Leitsatz
Hat der Wehrpflichtige die Unterlagen gemäß § 2 Abs. 2 KDVG im gerichtlichen Verfahren vollständig nachgereicht, so hat der Ablehnung des Anerkennungsgesuchs in aller Regel eine gerichtliche "Vollprüfung" nach förmlicher Parteivernehmung vorauszugehen.
Gesetze: KDVG § 14; VwGO § 86 Abs. 1
Instanzenzug: VG Cottbus VG 2 K 662/02 vom
Gründe
1. Die Beschwerde hat Erfolg.
a) Das angefochtene Urteil leidet an einem Verfahrensfehler (§ 132 Abs. 2 Nr. 3 VwGO). Die Beschwerde rügt zu Recht eine Verletzung der Aufklärungspflicht gemäß § 86 Abs. 1 VwGO. Das Verwaltungsgericht hätte die Klage auf Anerkennung als Kriegsdienstverweigerer nämlich nicht ohne vorherige Vernehmung des Klägers als Partei zu seinen Gewissengründen abweisen dürfen.

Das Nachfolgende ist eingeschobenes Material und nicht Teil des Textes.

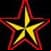 Celebrities Online News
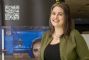 Made Smarter launches £400k cyber security drive in Yorkshire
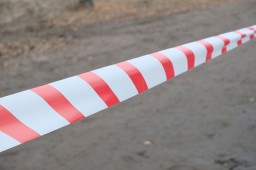 Обнаруженный в кокшетауской школе муляж взрывного устройства изготовила ученица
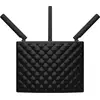 Image de Tenda Routeur WL AC15 AC1900, Routeur, Noir
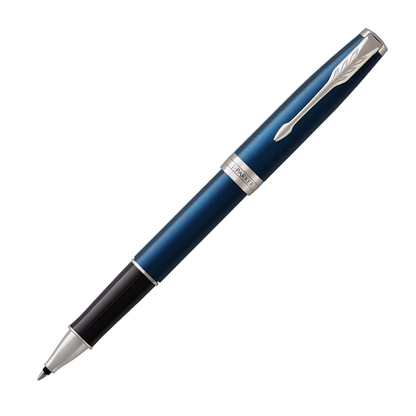 Parker Pen Sonnet 18 Rollerball Pen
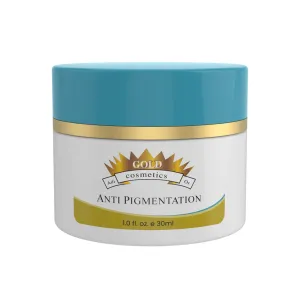 🎁 Anti Pigmentation (100% off)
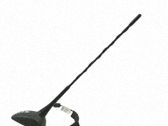 Radion antenni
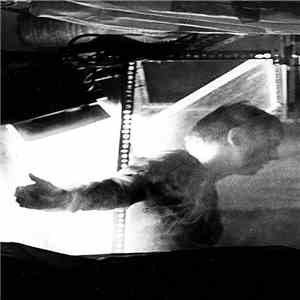 Marhaug And Meek - The Empty Brain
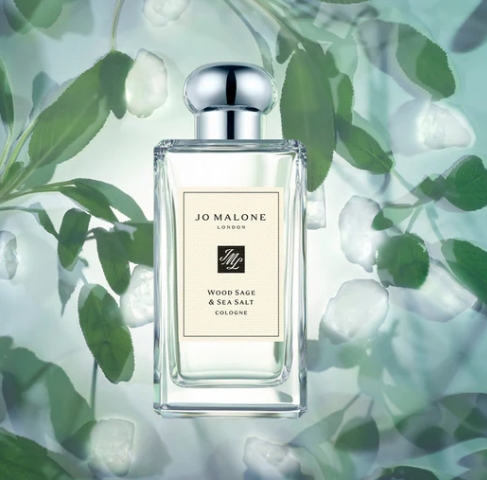 Jo Malone Men's Fragrance Reviews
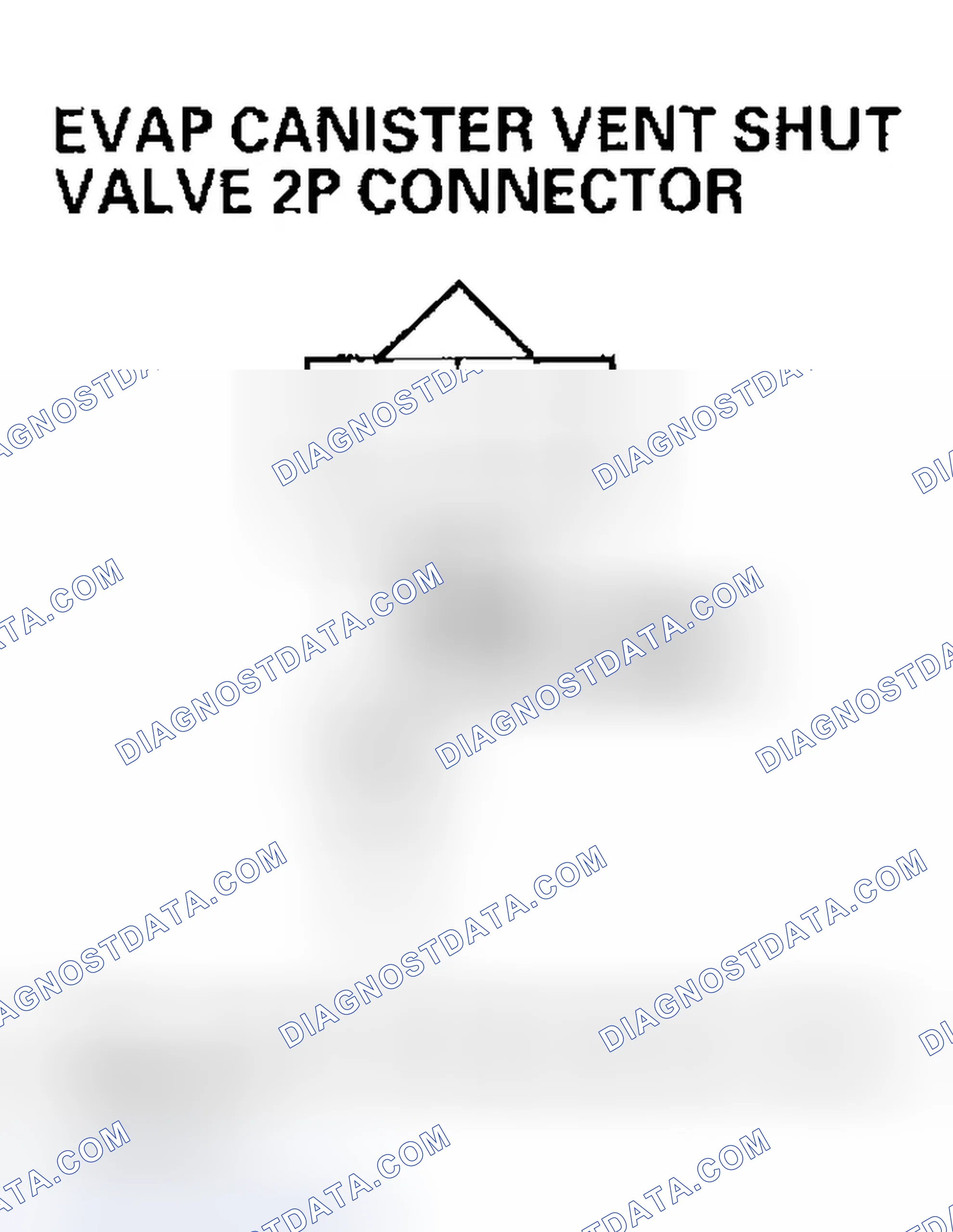 Scheme 33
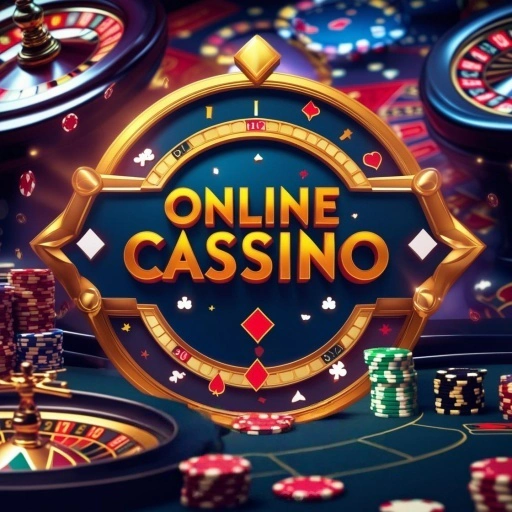 668bet.com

Der Kläger hat während des Verwaltungsverfahrens um seine Anerkennung als Kriegsdienstverweigerer keine schriftliche Begründung für seine Gewissensentscheidung vorgelegt, sondern dies erst während des verwaltungsgerichtlichen Verfahrens getan. Das Verwaltungsgericht hat darin einen entscheidenden Einwand gegen die Ernsthaftigkeit seiner Gewissensentscheidung - trotz der Inkaufnahme des verlängerten und erschwerten Zivildienstes - gesehen (Urteil S. 9) und in der mündlichen Verhandlung ausführlich zu der Frage Beweis erhoben, welche vertretbaren Gründe den Kläger an einer früheren Vorlage seiner schriftlichen Begründung gehindert haben könnten. Da sich solche Gründe nach der Überzeugung des Verwaltungsgerichts nicht gefunden haben, hat es die Klage ohne "Vollprüfung", d.h. Parteivernehmung des Klägers abgewiesen. Damit hat es gegen die Rechtsprechung des Bundesverwaltungsgerichts über die Grundsätze verstoßen, unter denen allein die Klage eines Kriegsdienstverweigerers auf Anerkennung ohne "Vollprüfung" abgewiesen werden kann.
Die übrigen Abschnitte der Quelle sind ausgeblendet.